= Thomas Smibert =

Scottish poet and writer

Thomas Smibert (1810–1854) was a Scottish journalist, writer and poet.

==Life==
He was born on 8 February 1810 at Peebles, where his father, Thomas Smibert, a leather-merchant, was provost (1808–11); his mother's name was Janet Tait. Educated there, he was apprenticed to a druggist, and then qualified as a surgeon at Edinburgh University.

Smibert set up as a surgeon at Innerleithen, near Peebles, but left after a year when faced by personal and business problems. From Peebles he contributed to Chambers's Edinburgh Journal, of which he became sub-editor and editor between 1837 and 1842. During that period he wrote for the periodical about 650 literary articles, tales, and biographical sketches. He was also a large contributor to Chambers's Information for the People.
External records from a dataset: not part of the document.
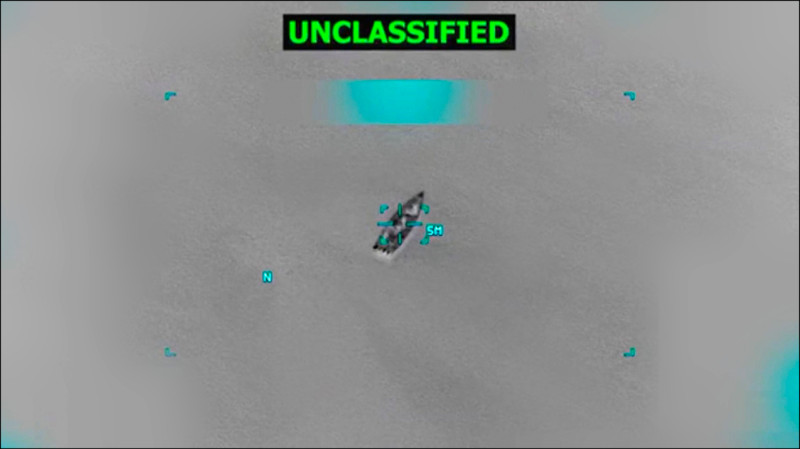 美5度打擊加勒比海運毒船 擊斃6人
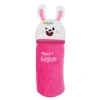 CEM DOLPHIN PC-4903 PELUŞ HAPPY EASTER RENKLİ 21x8 cm KALEM ÇANTASI - TEKLİ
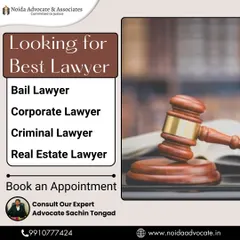 Looking for the best lawyer? I offer expertise as a Bail Lawyer, Corporate Lawyer, Criminal Lawyer, and Real Estate Lawyer.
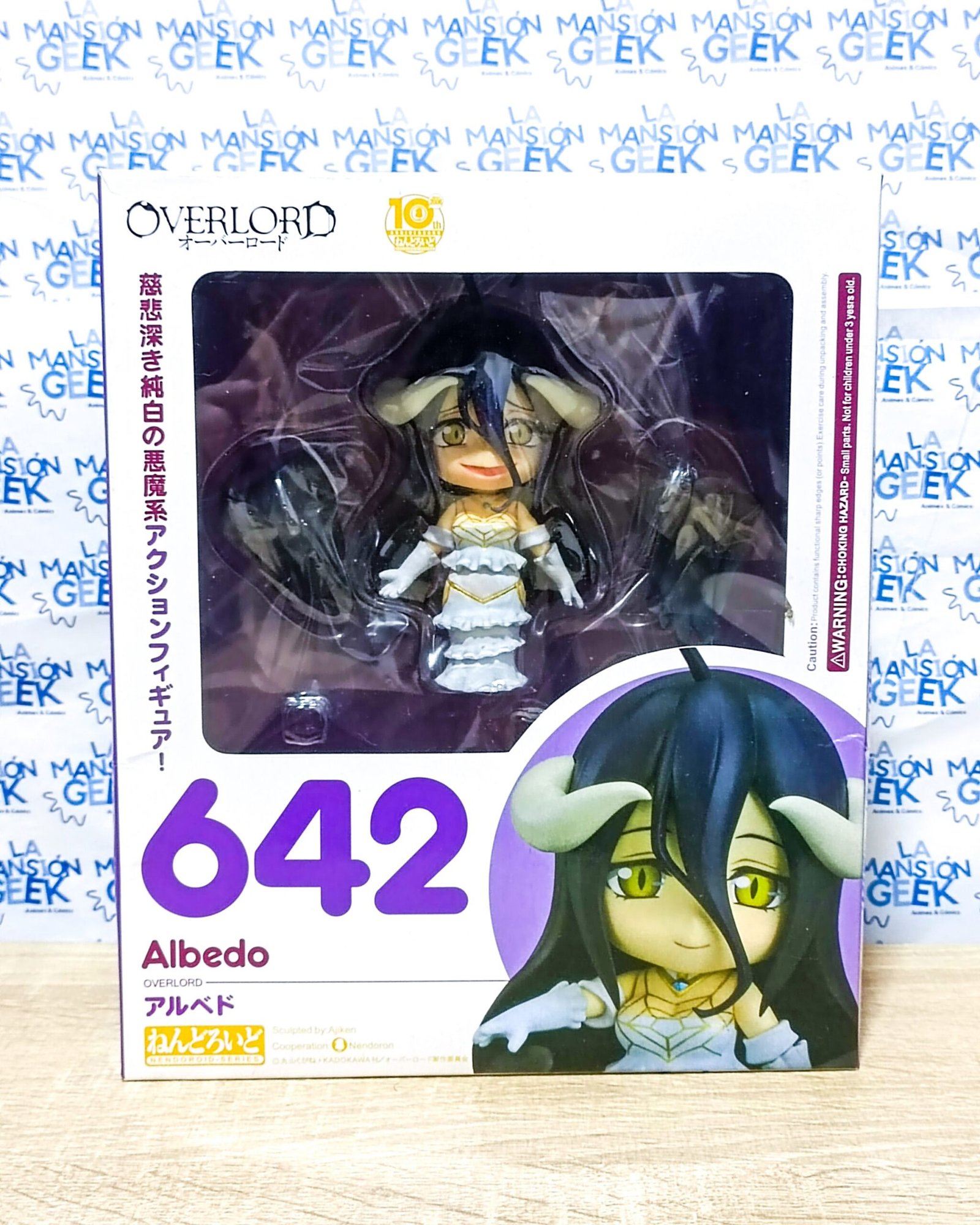 FIGURA ALBEDO OVERLORD 2 NENDROID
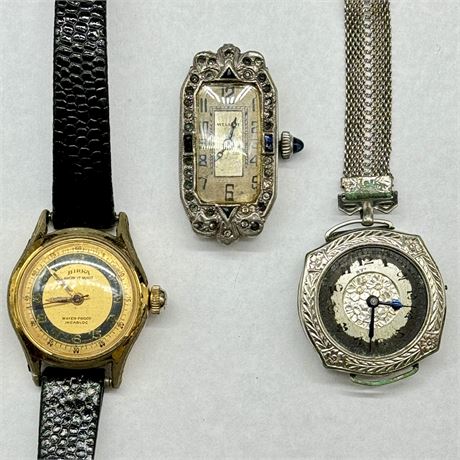 Antique & Vintage Ladies Watches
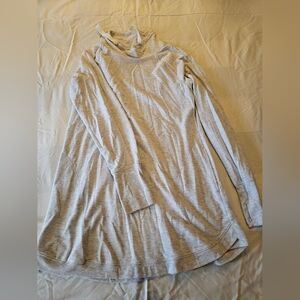 Tek Gear Heather Gray Long Sleeve Shirt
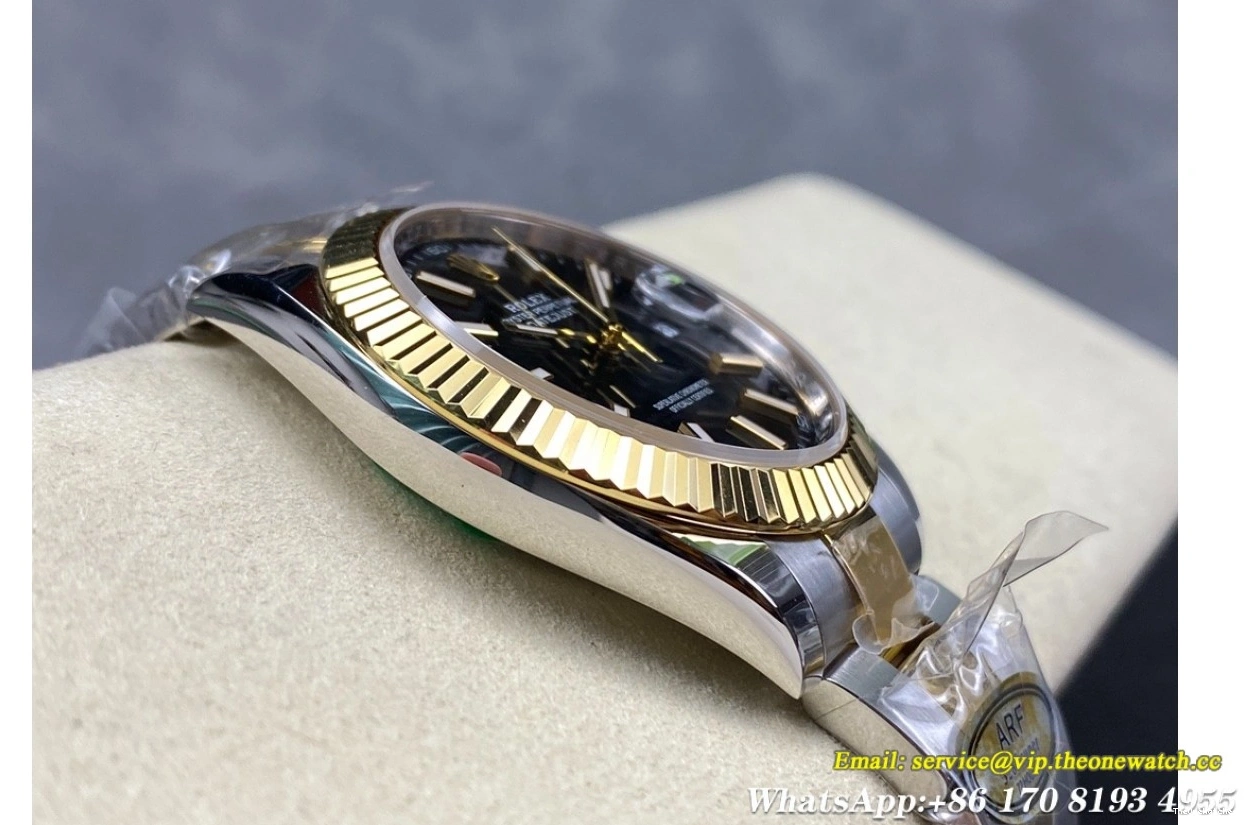 Datejust Black 41mm Stk ARF Version) Heavy Oys SS 126333 SH3235(Tungsten YG 0509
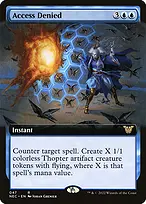 Neon Dynasty Commander #47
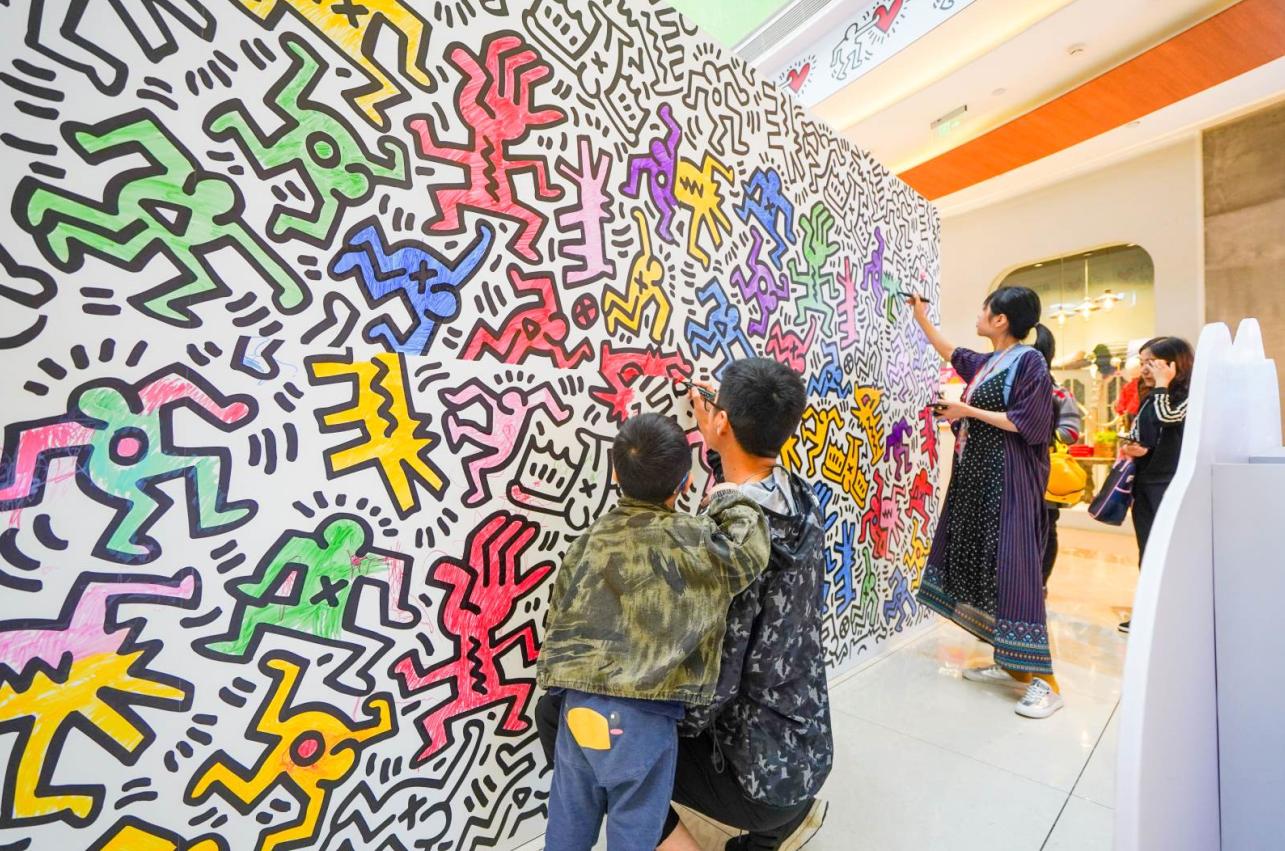 四周年销售客流双新高！FUN肆为你金楠天街脚步更轻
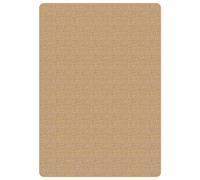 vidaXL Area Rug Jute with Latex Backing 160x230cm Natural Floor Carpet Mat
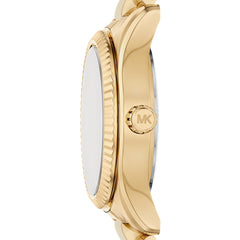 Michael Kors Lexington Round Brown Dial Watch MK7578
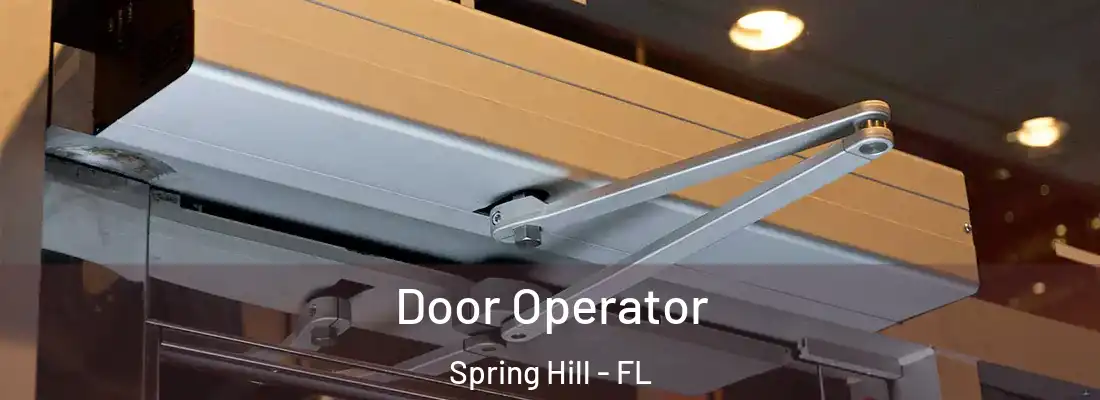  Door Operator Spring Hill - FL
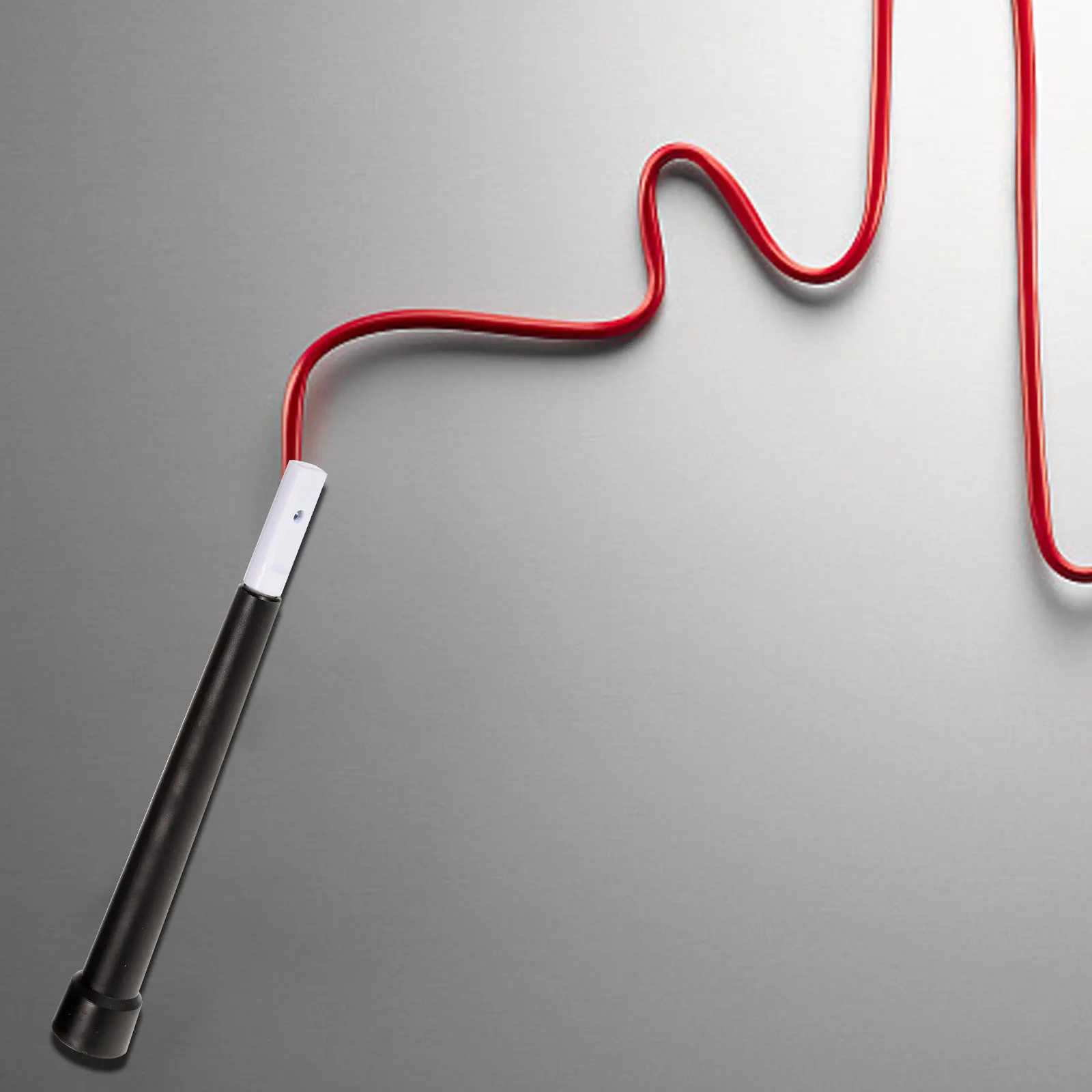 

1 Pair Universal Jump Rope Handle Replacement Pp Iron Wear-Resistant Grip For Fitness Exercise Sports Skipping Rope Handles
In 1842 Smibert became sub-editor of The Scotsman, but a legacy meant he shortly dropped journalism for literature. In his later years he was a frequent contributor to Hogg's Instructor. He died at Edinburgh on 16 January 1854.

==Works==
Smibert wrote:

- Condé's Wife (1842), a historical play that had a run of nine nights at the Edinburgh Theatre Royal.
- Clans of the Highlands of Scotland (Edinburgh, 1850).
- Io Anche! Poems chiefly Lyrical (Edinburgh, 1851), a collection of his verse including the song The Scottish Widow's Lament, with a Tweeddale setting and in dialect.